和歌の世界で多くを占めるのが四季の歌と恋の歌です。百人一首は恋歌が半ば近い43首を占め、四季歌は32首です。その中で夏は4首しかなく最少ですが、今まさに猛暑なので、夏の歌に注目してみましょう。

 

 

 

 

 

 

 

持統天皇の和歌

 

 

〈春過ぎて夏来にけらし 白妙の衣干すてふ天の香具山〉

最初は、百人一首の二番で、春の季節が過ぎて夏がやって来たようだ、白妙の衣を干すという天香具山だよと、夏の到来を極めて素直に詠んだ歌です。出典は「新古今集」の夏ですが、原歌は「万葉集」にあり、「……夏来たるらし…衣干したり…」とある部分に違いがあります。万葉集の直接的・現実的な描写に比べて、間接的で穏やかな印象があります。
大和三山の一として古代人には格別に親しい、伝説では天から降ったとされる天香具山に、白妙の衣が干されている状況から夏到来を詠んでいます。ここでなぜ「白妙の衣」なのか、その情景について、現代人には具体的にはわかりません。天香具山での初夏の神事に使う衣を干していると説かれるほかに、春霞を比喩したものだとも言われており、藤原定家は咲き広がる卯の花の比喩と理解したとも言われます。現代人は、ただ初夏の爽やかな明るい空の下、山の緑を背景にして薫風の中で翻る白妙の衣を想像して味わうばかりです。

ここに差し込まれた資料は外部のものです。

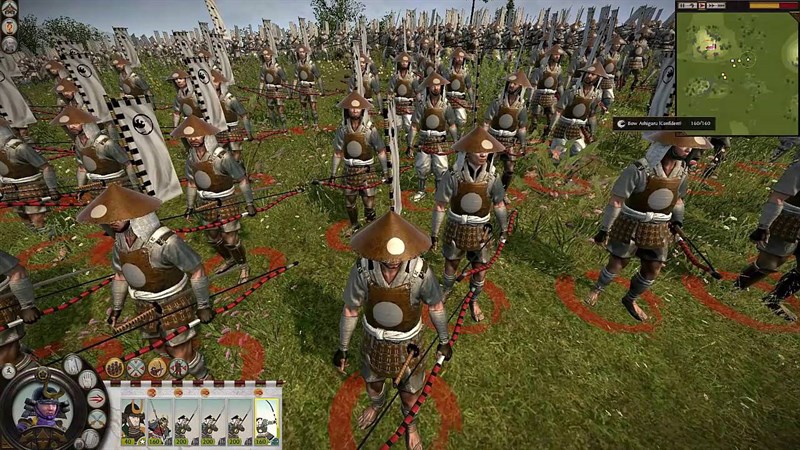 Tải miễn phí game chiến thuật Total War: Shogun 2 Tải miễn phí game chiến thuật Total War: Shogun 2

この歌は、持統天皇の和歌としては、初めて勅撰集に選ばれた歌で、それも新古今集の夏冒頭に入っていますが、それ以前は藤原定家の父・俊成が「古来風躰抄」に万葉歌の一首として選んだのみです。

 

 

 

 

 

 

 


 

 

 

 

 

 

 

清原深養父の和歌

 

 

〈夏の夜はまだ宵ながら明けにけり 雲のいづこに月宿るらむ〉

次は、百人一首の三六番です。出典は古今集の夏で、「月の面白かりける夜、暁がたによめる」とあります。少し内容を補って訳しますと、夏の夜は短くて、暗くなって間もなく明けてしまった。西に沈むだけの余裕も無く空に残っている月は、雲のどこに隠れているのだろう、となります。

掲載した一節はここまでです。